Module 10

MGFs and conditional expectation

TC and DJM

Last modified — 21 Apr 2026

1 More on conditional expectation

Law of total expectation and variance (review)

Theorem

Let $X$ and $Y$ be two random variables. Then, \[\mathbb{E}[X] = \mathbb{E}[\mathbb{E}[X|Y]]\] and \[\operatorname{Var}(X) = \mathbb{E}[\operatorname{Var}(X|Y)] + \operatorname{Var}(\mathbb{E}[X|Y]).\]

The first equation shows what we just saw, but it is general and holds for any $X$ and $Y$.
The second equation is a bit more complicated, but it is also very useful.
It shows that the variance of $X$ can be decomposed into two parts: the expected value of the conditional variance of $X$ given $Y$, and the variance of the conditional expectation of $X$ given $Y$.

Poisson/Gamma example

Let $\Lambda \sim {\mathrm{Gam}}(\alpha, \beta)$
Let $X | \Lambda = \lambda \sim {\mathrm{Poiss}}(\lambda)$.
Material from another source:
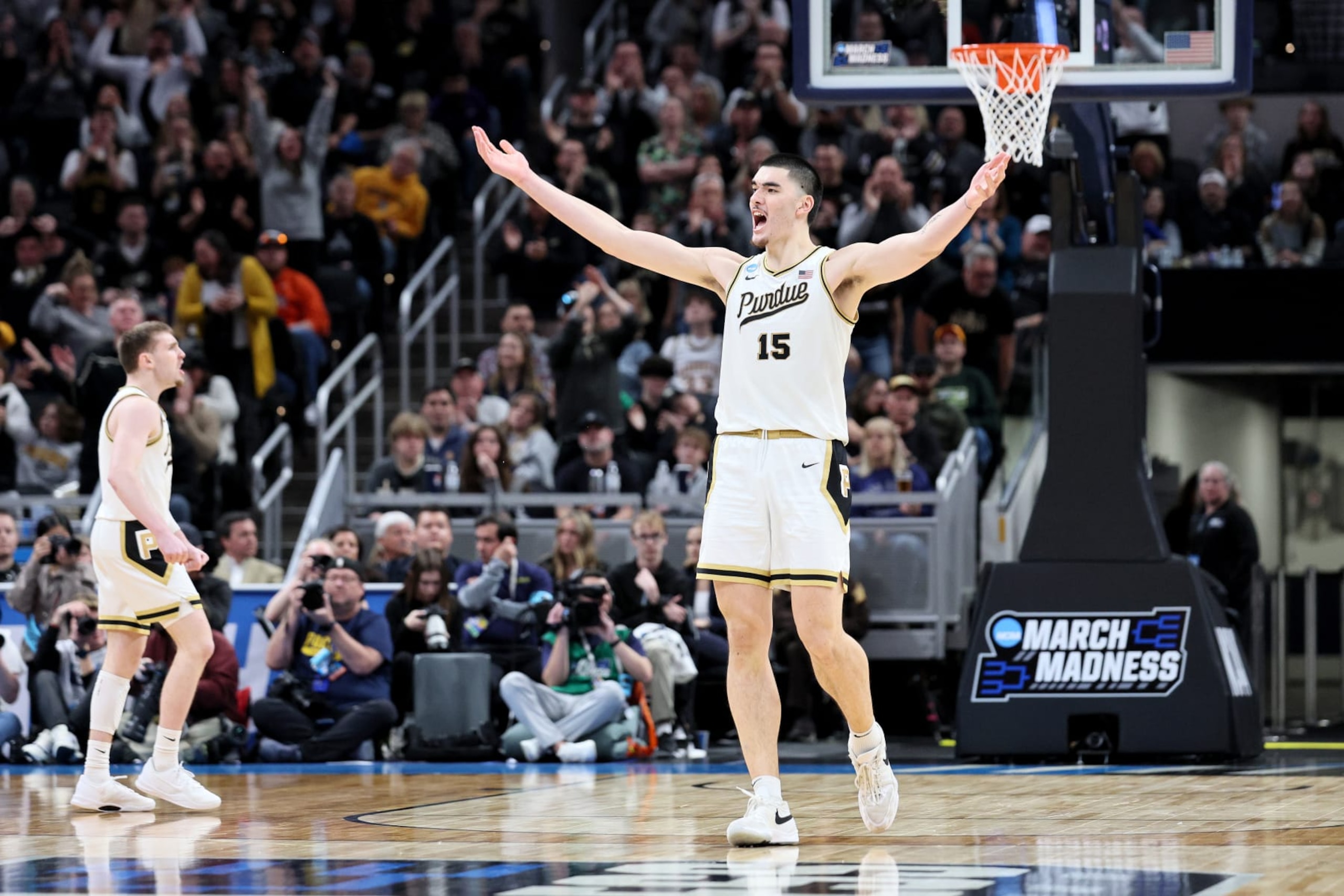 INDIANAPOLIS, INDIANA - MARCH 24: Zach Edey #15 of the Purdue Boilermakers celebrates a basket against the Utah State Aggies during the second half in the second round of the NCAA Men's Basketball Tournament at Gainbridge Fieldhouse on March 24, 2024 in Indianapolis, Indiana. (Photo by Andy Lyons/Getty Images)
We want to find $\mathbb{E}[X]$ and $\operatorname{Var}(X)$.

We have \[\mathbb{E}[X|\Lambda] = \Lambda \quad\text{and}\quad \operatorname{Var}(X|\Lambda) = \Lambda.\]
Furthermore, \[\mathbb{E}[\Lambda] = \alpha / \beta \quad\text{and}\quad \operatorname{Var}(\Lambda) = \alpha / \beta^2.\]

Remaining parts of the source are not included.